### WHAT YOU SHOULD DO
Using the data that follows, output only the lines from the line with "Médico encontra cogumelo" up to and including the line with "Central Luxury Apartment", exactly, leaving pictures aside.

### EXERCISE INPUTS
═══

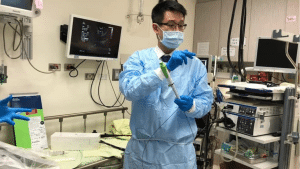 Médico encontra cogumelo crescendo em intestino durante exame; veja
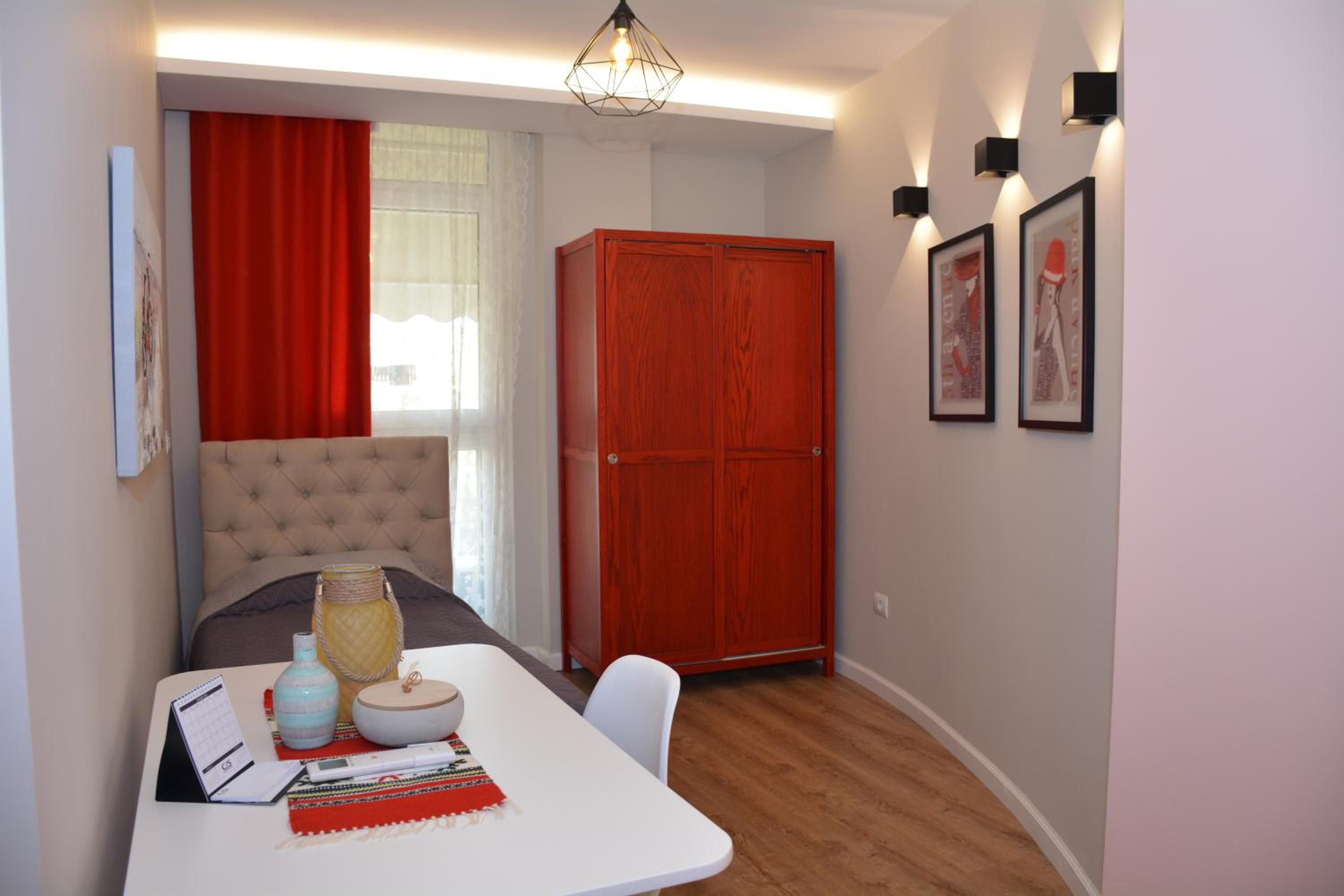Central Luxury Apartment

═══

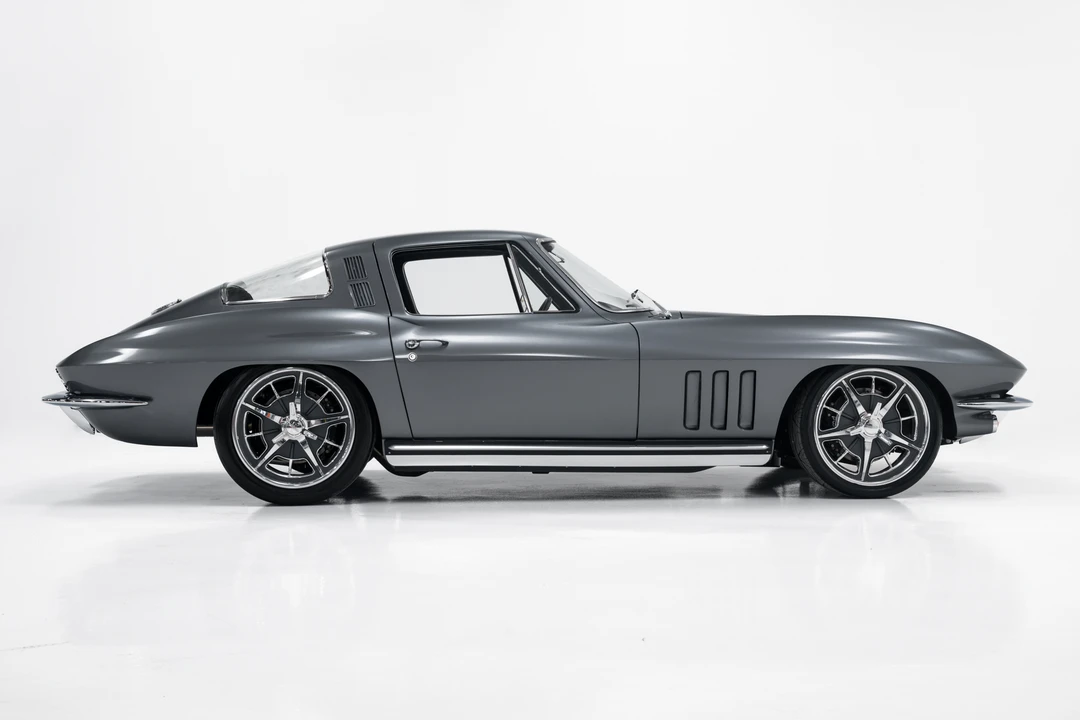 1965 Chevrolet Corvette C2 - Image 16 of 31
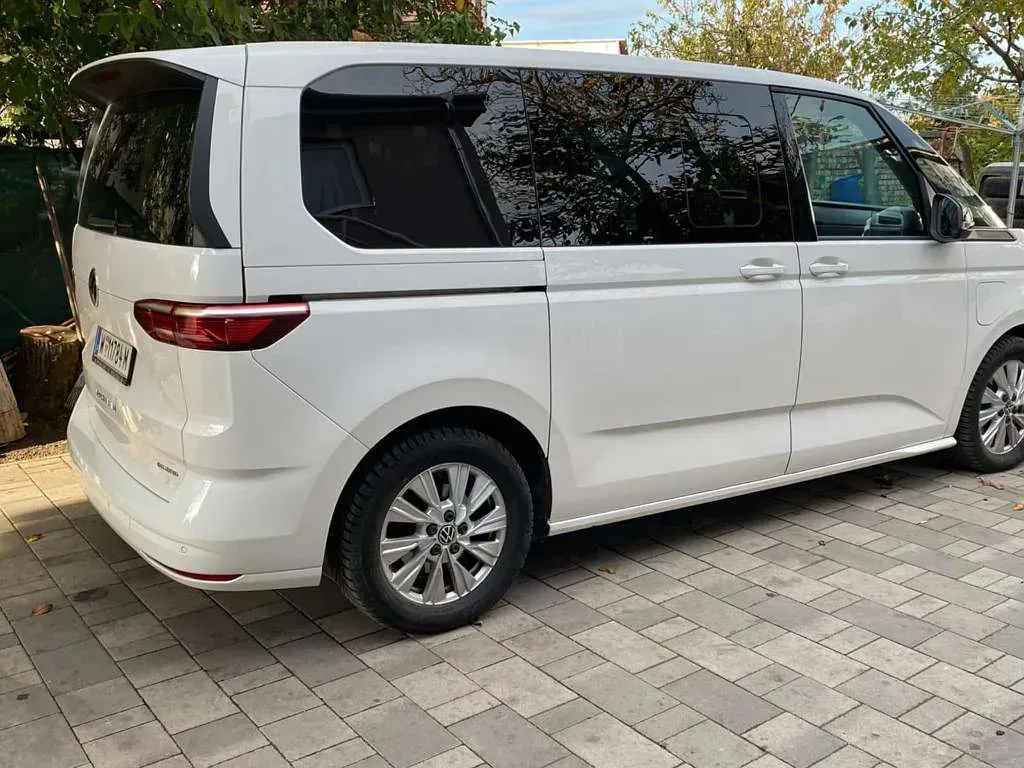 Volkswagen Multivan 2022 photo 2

═══

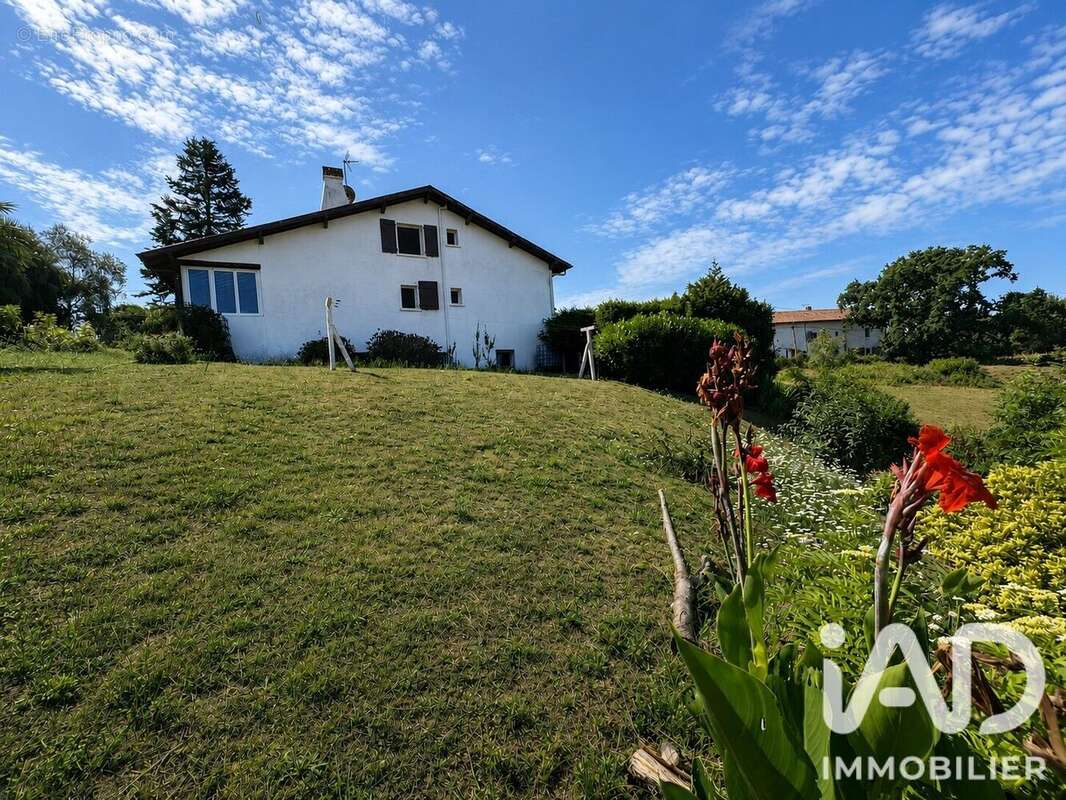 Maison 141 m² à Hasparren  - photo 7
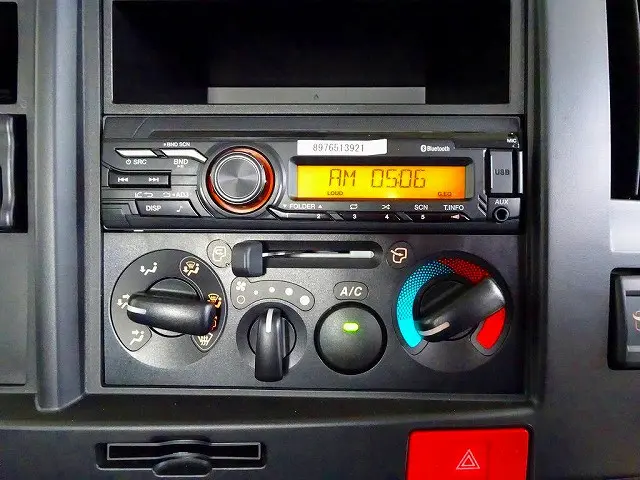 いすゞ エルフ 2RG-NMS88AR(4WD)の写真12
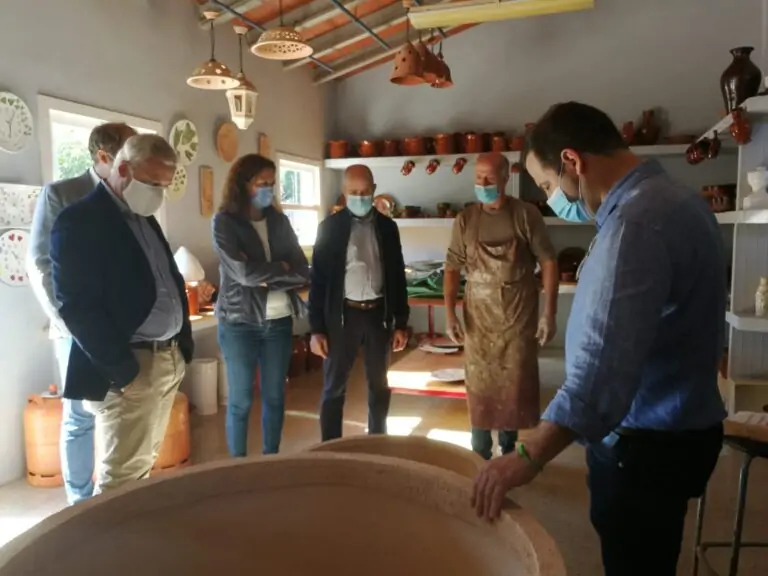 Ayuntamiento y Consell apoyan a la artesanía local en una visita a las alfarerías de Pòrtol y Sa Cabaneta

═══

### YOUR SOLUTION
 Médico encontra cogumelo crescendo em intestino durante exame; veja
Central Luxury Apartment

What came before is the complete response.